Thermal price contagion spreads

AMERICAN coal companies have become all too familiar with the fickle hand of thermal coal price fate. It appears their Australian counterparts are facing similar problems.
Thermal price contagion spreads Thermal price contagion spreads Thermal price contagion spreads Thermal price contagion spreads Thermal price contagion spreads

Proposed rail options for the Alpha Coal Project in the Galilee Basin, Queensland.

Lou Caruana

A report by Macquarie Private Wealth shows the collapse in the thermal coal price and the high Australian dollar may see important coal chain infrastructure projects shelved and major new coal mining projects delayed, says Macquarie Private Wealth.
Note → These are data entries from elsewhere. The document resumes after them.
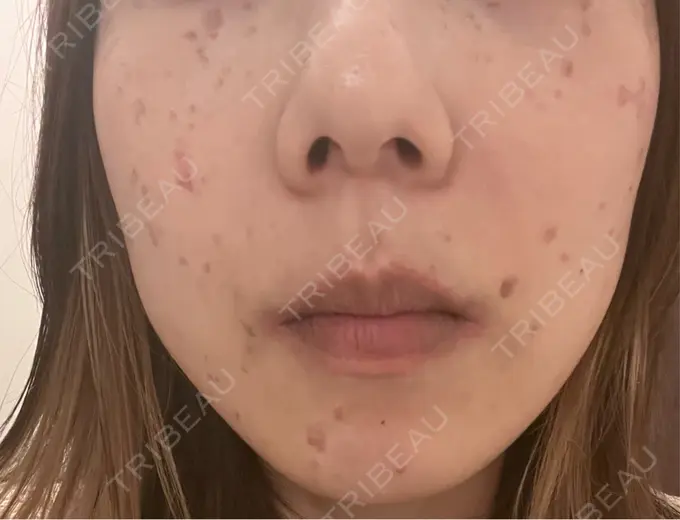 ピコスポット 東京シルククリニック 新宿院 DAY 3 メイン用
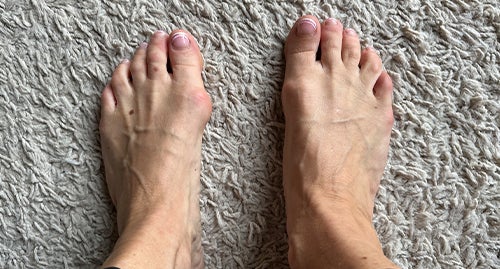 Bunion Fix results shared by Jenny T.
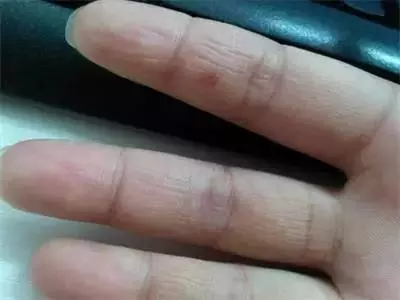 身體發出了的7個信號,告訴你體內垃圾已超標,快來自己診斷下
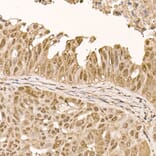 Immunohistochemistry - Anti-AKT1 Antibody [ARC51585] (A308667) - Antibodies.com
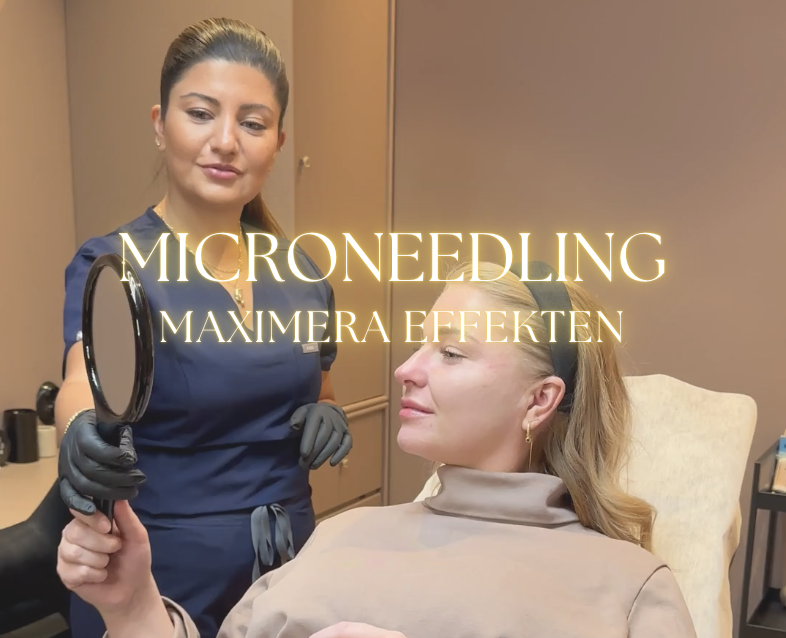 Microneedling + Lax-DNA eller Exosomer för en magisk hudförnyelse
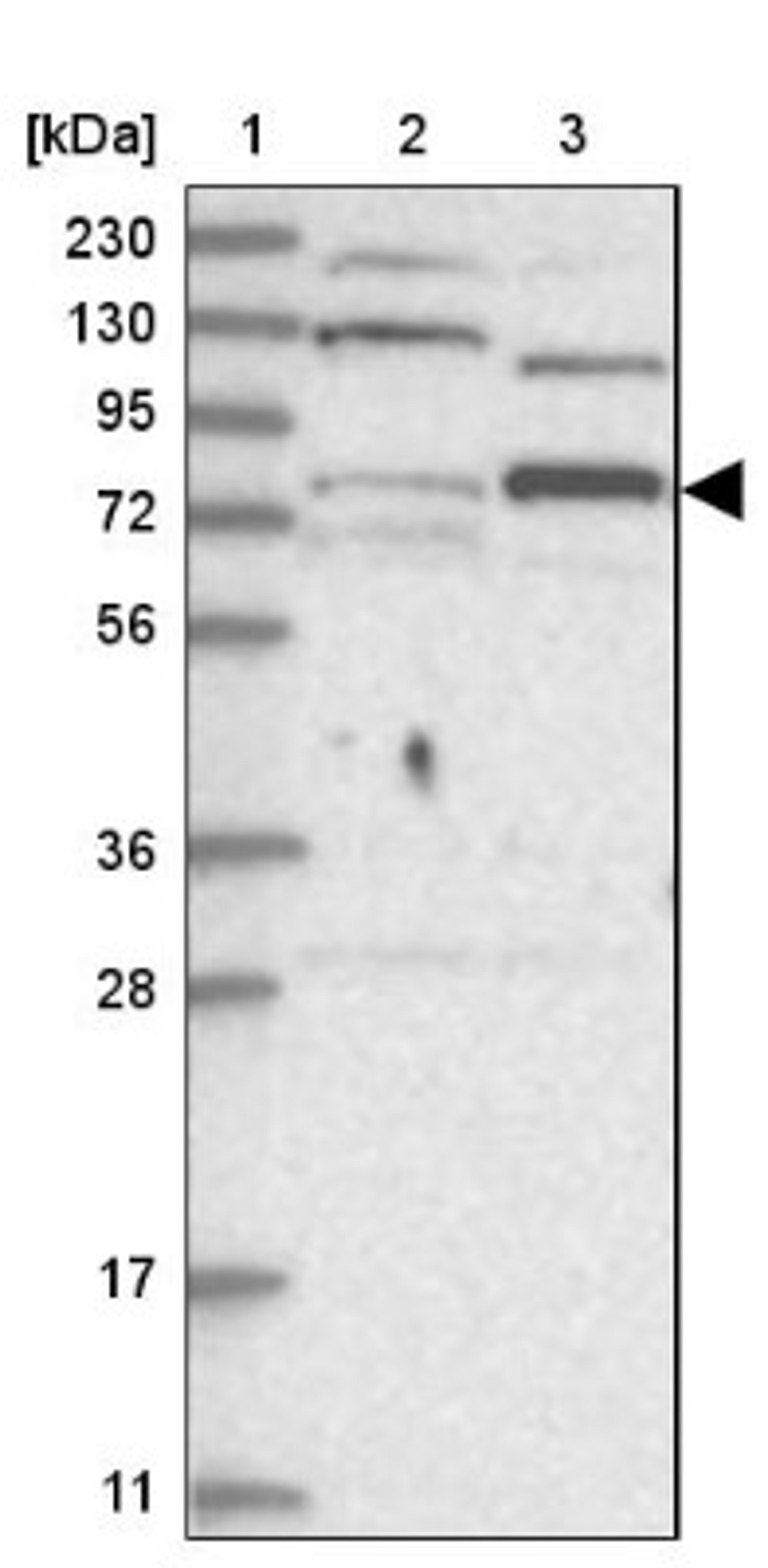 Western Blot: Zinc finger protein 287 Antibody [NBP1-82360] - Lane 1: Marker [kDa] 230, 130, 95, 72, 56, 36, 28, 17, 11<br/>Lane 2: Human cell line RT-4<br/>Lane 3: Human cell line U-251MG sp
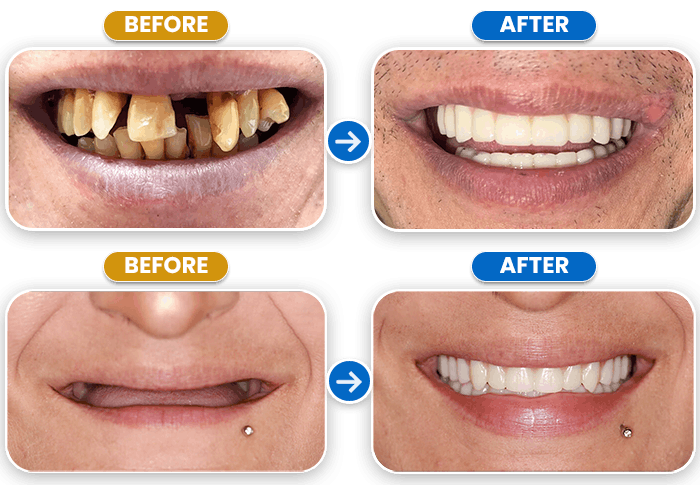 Implant dentiistry - Before After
The huge investment needed to get coal to port from the new Queensland coal mining areas around the Galilee and Surat basins could dry up if the Australian dollar continued to rise above parity with the US dollar, the report found.

“Compounding the situation is the ongoing strength in the Australian dollar,” it said.

“Normally a commodity currency, reasonable weakness would have been expected with iron ore and coal trading 20-30% below levels seen last year.

“However, the relative sovereign stability has seen some safe haven buying and while it has moved back towards parity with the US dollar, it remains approximately 10 per cent above what would have been expected.

“If Australian dollar forecasts are revised upwards 10 per cent in the medium-long term, this could dramatically reduce the viability of many Australian thermal coal projects.”

Australian Coal Association chief executive Dr Nikki Williams told a meeting in Brisbane yesterday that government should not be complacent about the effect of the low coal prices on infrastructure projects.

“Exactly one month ago today, I spoke at CoalTrans in Indonesia, when the thermal Newcastle thermal FOB price was $98,” she said.

“Two weeks later it had fallen to $89 and last week it was $83. Whilst metallurgical coal prices have been more resilient, the warning bells we have been sounding on costs for some time are now ringing loud and clear, as margins dramatically decrease and Australia’s competitiveness for mobile international capital comes under assault.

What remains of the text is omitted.